Saturday, 14 March 2009

Why making the familiar strange brings pain in your head

...

.. the pain in somebody's head when it is contemplating the strange ..

.. the drastic re-arrangement of the synapses in the brain? .. brings pain? ..

.. only minor adjustments are allowed

.. small ideas .. single .. simple ..

.. which require the change in a few synapses .. or even leave the existing synapses intact .. only create new synapses

.. a pain threshold of breaking a synapse? .. is it measurable .. just for a single synapse?
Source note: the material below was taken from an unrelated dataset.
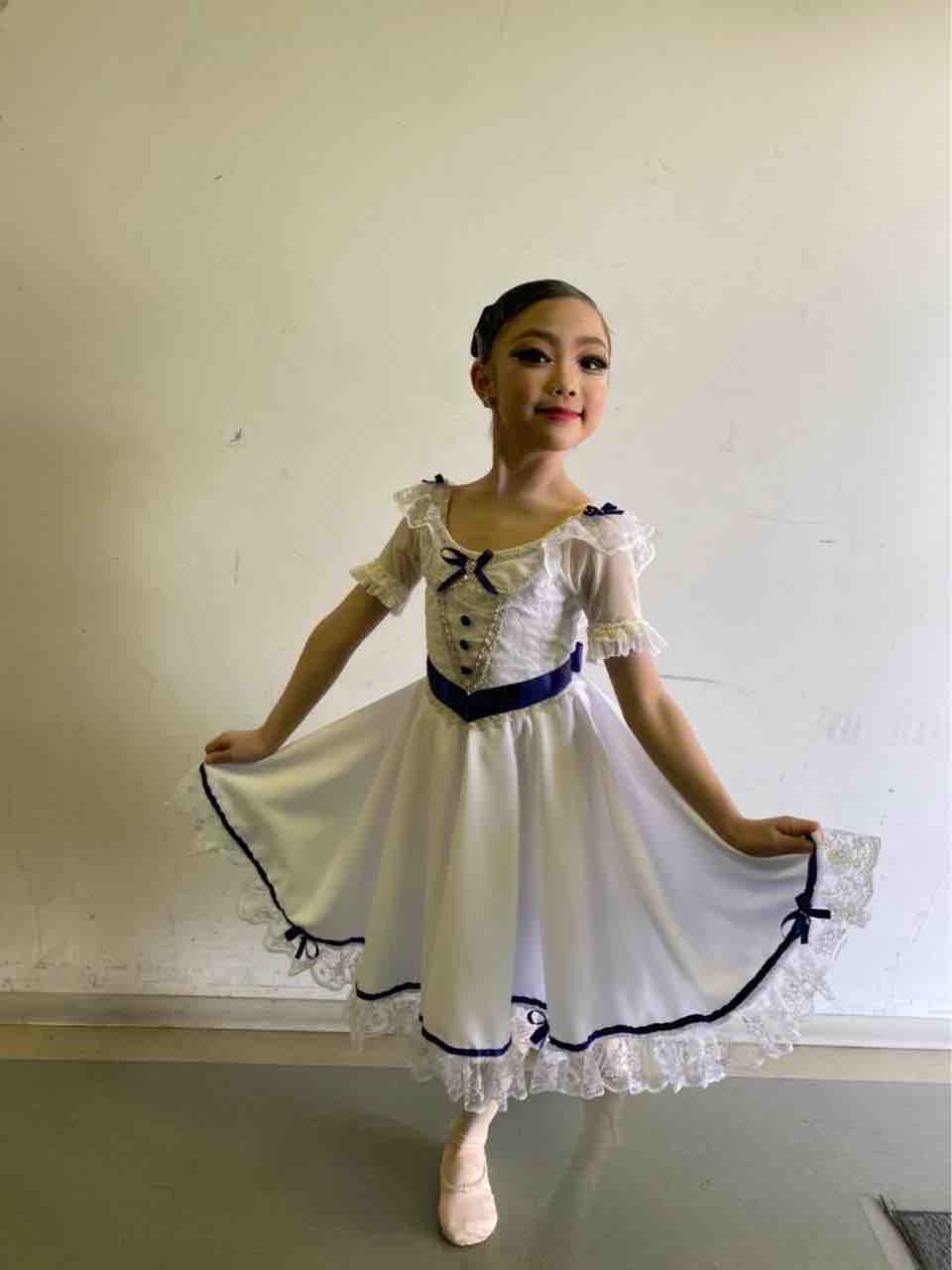 バレエ衣装卒業舞踏会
.. should be more as ideas or concepts must engage, include a lot more synapses, certainly more than one

.. ideas despite being simple they are nevertheless complex .. ideas emergent .. entities .. emergent systems .. lying upon vast networks .. of neurons .. underlying superstructure ..

.. larger ideas would involve a much bigger network of neurons with a lot more synapses

.. personal experiences .. testimonies


ideas? .. they come by themselves? Why? Because they come, from out of the system boundaries, the supersystem .. the inclusive system, the system including

the previous paths, the paths within the system are circumvented, they are not visited any more, they are not included in the paths taken, the new paths.
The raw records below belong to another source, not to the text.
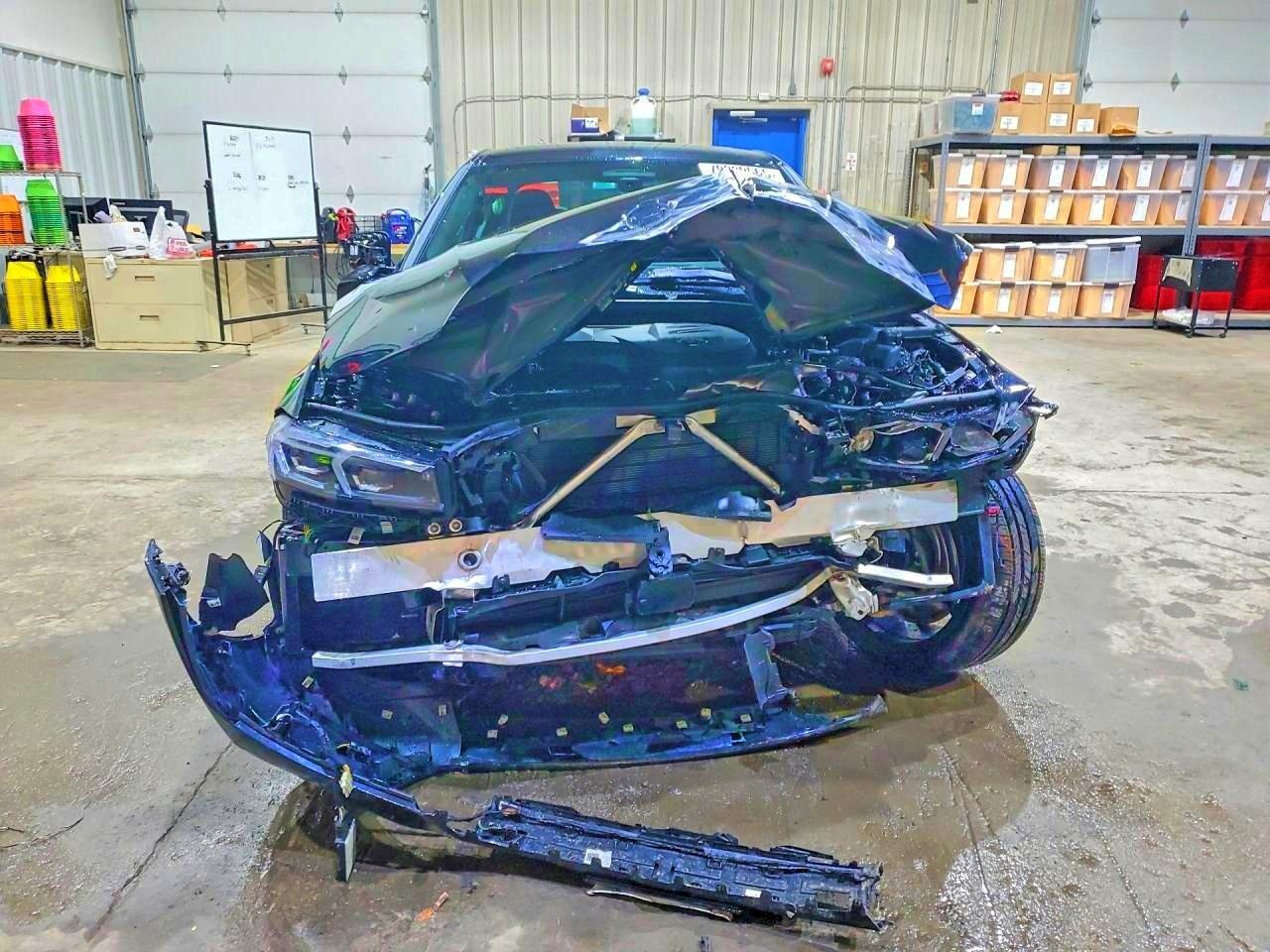 2026 BMW 3 series VIN 3MW89CW06T8G03382 photo 5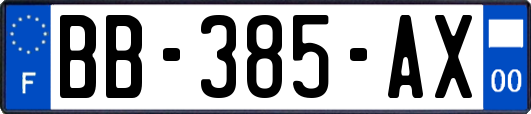 BB-385-AX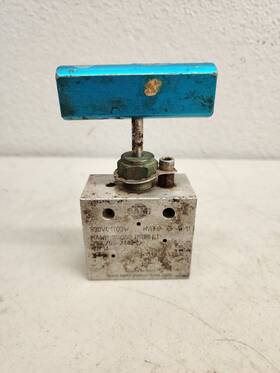 S30v01t03w Sami High Pressure Needle Valve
As the paths do not include the ideas, whose extent is confined within the system, that avoids clashes inherent in the system, only. The feeling of helplessness and loss disappears, it does not materialise.

Clashes ensue following the paradigm of Gödel, as they develop out of contradicting rules that nullify each other, as a result there is loss of consistency

"Gödel proved fundamental results about axiomatic systems showing in any axiomatic mathematical system there are propositions that cannot be proved or disproved within the axioms of the system."
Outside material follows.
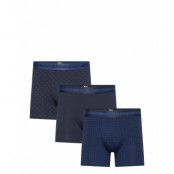 Jbs 3-Pack Tights Bamboo Boxerkalsonger Navy JBS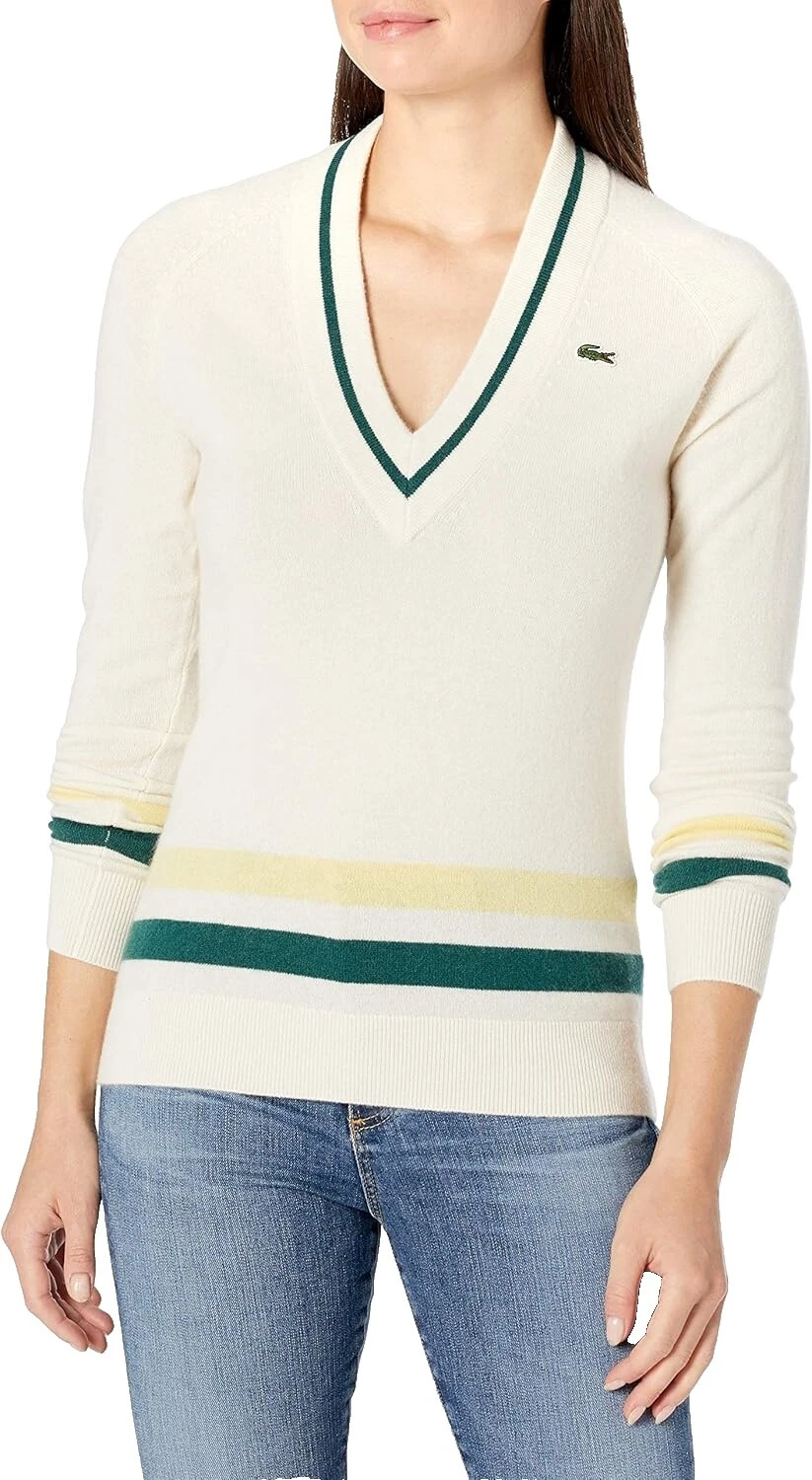 Suéteres para mujer de negocios Lacoste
To get away from the idea, that using Godel's theorems, outside what is meant to be in the first place, namely mathematical systems, or even the volumes of Principiae Mathematica, is wrong.

In the particular case, of states, governments and societies, they are all axiomatic. Being systems based on axioms, values that are evident, without further arguments. And they are axiomatic, as it is widely based on values that they are regarded as evident without proof or argument.